India art fair connect

Initially, when we thought of doing things together, it was a collaboration between a fashion label and Art Fair. But eventually they realised that what we do is also a kind of art. So we thought of this showcase. Just like an artist works on his installation or art, we have our people working on each and every piece that comes out of Péro. Each of our garment is unique like any other art piece.

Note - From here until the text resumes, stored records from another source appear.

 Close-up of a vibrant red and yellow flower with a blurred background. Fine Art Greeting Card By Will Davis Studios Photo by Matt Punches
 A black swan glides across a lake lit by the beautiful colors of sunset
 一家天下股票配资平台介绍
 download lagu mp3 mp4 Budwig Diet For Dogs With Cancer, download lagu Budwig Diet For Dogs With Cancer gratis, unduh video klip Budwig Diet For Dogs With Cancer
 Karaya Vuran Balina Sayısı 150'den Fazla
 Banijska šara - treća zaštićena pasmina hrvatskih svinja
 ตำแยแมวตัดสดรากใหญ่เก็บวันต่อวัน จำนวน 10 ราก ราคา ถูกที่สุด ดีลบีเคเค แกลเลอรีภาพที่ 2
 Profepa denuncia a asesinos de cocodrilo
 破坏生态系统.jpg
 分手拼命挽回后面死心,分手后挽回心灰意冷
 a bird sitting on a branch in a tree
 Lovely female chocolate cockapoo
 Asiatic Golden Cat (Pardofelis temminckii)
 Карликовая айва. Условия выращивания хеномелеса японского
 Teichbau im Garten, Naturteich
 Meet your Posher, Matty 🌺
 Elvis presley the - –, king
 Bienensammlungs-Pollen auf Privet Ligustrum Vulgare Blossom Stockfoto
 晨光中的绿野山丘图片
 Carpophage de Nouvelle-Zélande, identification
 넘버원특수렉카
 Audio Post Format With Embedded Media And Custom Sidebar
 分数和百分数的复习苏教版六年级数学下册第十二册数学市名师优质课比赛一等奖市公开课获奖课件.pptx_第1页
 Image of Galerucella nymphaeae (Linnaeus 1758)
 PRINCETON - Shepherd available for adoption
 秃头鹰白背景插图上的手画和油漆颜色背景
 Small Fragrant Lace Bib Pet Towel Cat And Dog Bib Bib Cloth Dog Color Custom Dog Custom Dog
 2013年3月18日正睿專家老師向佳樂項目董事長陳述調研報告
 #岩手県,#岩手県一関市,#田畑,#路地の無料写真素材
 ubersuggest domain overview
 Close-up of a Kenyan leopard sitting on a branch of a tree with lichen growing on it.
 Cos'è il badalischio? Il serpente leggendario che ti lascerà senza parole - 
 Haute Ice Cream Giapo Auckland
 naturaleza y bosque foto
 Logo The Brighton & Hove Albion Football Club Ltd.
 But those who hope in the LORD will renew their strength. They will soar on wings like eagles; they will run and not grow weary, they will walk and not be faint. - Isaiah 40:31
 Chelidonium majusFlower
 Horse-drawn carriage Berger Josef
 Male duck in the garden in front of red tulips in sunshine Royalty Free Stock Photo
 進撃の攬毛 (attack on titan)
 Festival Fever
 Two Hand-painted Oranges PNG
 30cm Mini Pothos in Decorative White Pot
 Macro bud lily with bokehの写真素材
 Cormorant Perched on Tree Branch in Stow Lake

Unlike the usual Péro event, which is all fun and frolic, this event is a very quiet one. Visitors can clearly see that it is about understanding quality and time invested in it. And that is what makes everyone, including ourselves, pause.

 

Inspirations from other cultures

We do it all the time. If you look at the showcase garment, you will notice that the sleeves are Spanish and the yoke reminds you of a kediyu from Gujarat. Péro is all about mixing — we mix fabrics, we mix techniques, we also mix cultures.

I always give the example of an angrakha. In India, you look at it as an ethnic garment because you know the context. But when it goes overseas, you see it as a wrap. Perhaps to be worn as an overlay with a pair of jeans and T-shirt. So we like to put the same piece out for people to interpret it in their own way. We are not emphasising on the fact that it is an Indian silhouette. Because it is mix of a lot of things, it is an angrakha with a European lace. The moment you put a garment outside its context, people look at it differently.

 

On being sustainable

This is the other part of our messaging. When you spend so much on a piece… so much that when you own it, it becomes like an heirloom. You take care of it. And because you own that beautiful piece, you don’t want more. And when you do give it to someone else, you also reduce the demand for that person.

That’s what we say about our clothes. When you own, let’s say, 10 of our beautiful couture pieces, you don’t feel the need to own more. Because we are not about fast fashion. And when people see a piece and they see that someone has spent time on it, they do not want to discard it and that is where sustainability comes, where we reduce fashion waste. You may spend more but you are really investing in quality and time.